• Fairness in the Israeli banking system has become a central pillar of the Bank of Israel’s work in recent years. This reflects a broader global trend: an ongoing international regulatory dialogue, including the Banking Supervision Department’s involvement in international forums on fairness, and banking systems that increasingly recognize the business value of treating customers fairly. This process is largely due to a profound change in consumer behavior and in customers’ expectations of the institutions that serve them, including the banking system. Banks that fail to recognize and respond to this shift may face adverse business consequences.
  • The interest rates banks pay their customers on deposits—or more precisely, the gap between the posted rates offered to customers on banks’ websites and the average rates actually paid by banks—indicate that more than 50 percent of customers receive interest below the average rate. A similar picture emerges with respect to fees charged for securities activity. This gap reinforces the perception that banks are acting unfairly toward their customers, and in turn prompts responses by customers (transitioning from deposits to money-market funds and similar investments), regulators and legislators (measures to increase transparency and competition), and competitors (new banks with differentiated value propositions).
  • At the same time, the banking system has also demonstrated fairness in practice. One example is the various assistance frameworks introduced in recent years. During the recent wars, and also in view of the banking system’s excess profitability, several assistance frameworks were developed for people affected by these events. These assistance frameworks were voluntary, yet the entire banking system mobilized to help customers cope with their payment burdens. The financial relief framework formulated at the Bank of Israel by the Banking Supervision Department, as a measure designed to return a certain component of the banking system’s excess profits to the public, also constitutes an example of fairness toward customers.
  • Despite growing recognition of the importance of fairness, the banking system still faces major challenges in implementing it and in determining the appropriate level of fairness for each individual bank. These challenges involve several fundamental questions: the nature of the relationship between the bank and the customer—whether the bank is selling a product or service, providing advice, executing instructions, or holding assets in trust; the point at which the relationship between the bank and the customer begins—at the marketing stage, the point of sale, or after the service has been purchased; the development of differentiated services for different customer groups—whether through personalization or based on customer profitability; and the ability to measure the business value of fairness against other business values such as efficiency and profitability.
  • The Banking Supervision Department also faces challenges in embedding fairness in the banking system. First, it must develop regulatory tools suited to the implementation of fairness, which differ from the tools used in the prudential sphere.
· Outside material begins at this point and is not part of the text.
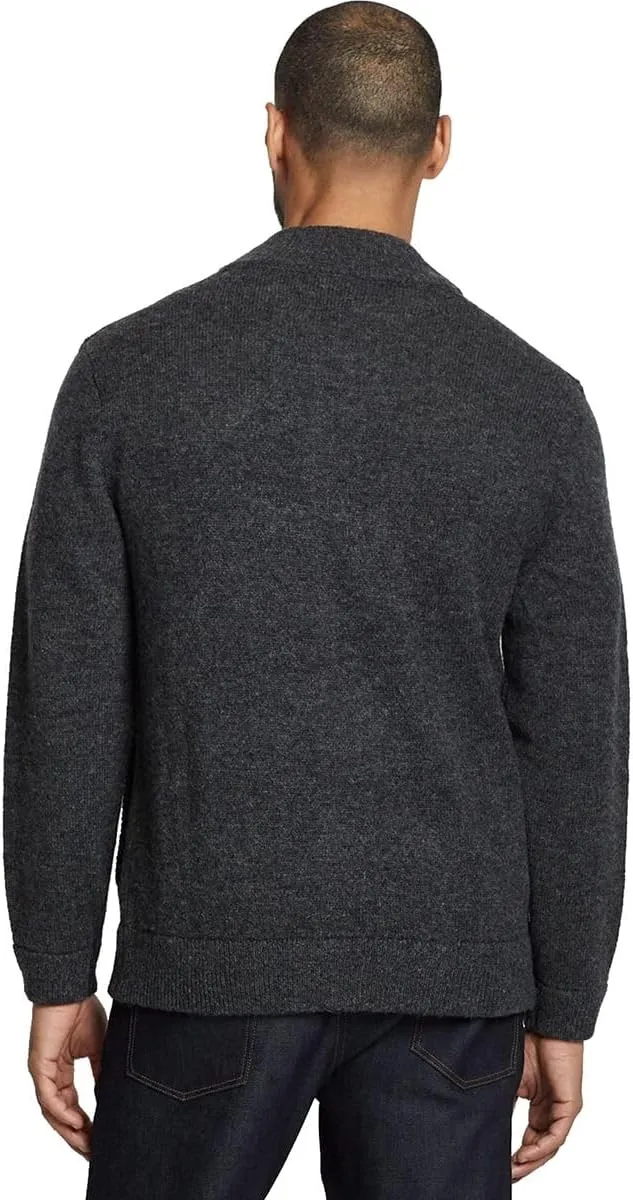 PENDLETON Men's Shetland Wool Cardigan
It must also assess the level of fairness at each individual bank and strike the necessary balance with other supervisory objectives.
  • These challenges are also reflected in the surveys conducted by the Banking Supervision Department regarding customer satisfaction with banking fairness and banking services. While satisfaction levels with service quality are generally good, the banks receive lower scores with regard to the solutions they offer customers—particularly proactive solutions aimed at reducing customer costs. This is the central challenge facing the banking system.
  • To address these challenges, the Banking Supervision Department has defined fairness as a strategic objective, alongside the objectives of stability and competition. Under this objective, the Department aims to promote a culture of fairness toward customers through several areas of focus, including stronger consumer-related oversight and enforcement, improved customer service, dedicated attention to fraud, and the simplification and enhancement of transparency with regard to fees.
  • It is clear that the objective of competition supports the Banking Supervision Department’s fairness objective, as competition requires banking institutions to place the customer at the center, act transparently and fairly, and provide the best value proposition for each customer. Accordingly, the Bank of Israel is working to promote competition in the banking system through structural changes that will facilitate the entry of new participants into the banking sector. This reflects the view that a competitive banking system can reduce the cost of banking services, expand the range of products and services, create positive incentives for innovation and efficiency, and improve both customer service and public trust in the system.
  • Today’s conference, held in cooperation with the College of Management, is another tool for embedding the fairness objective in Israel’s banking system. I would like to thank the College of Management Academic Studies and the staff of the Banking Supervision Department for organizing this important conference.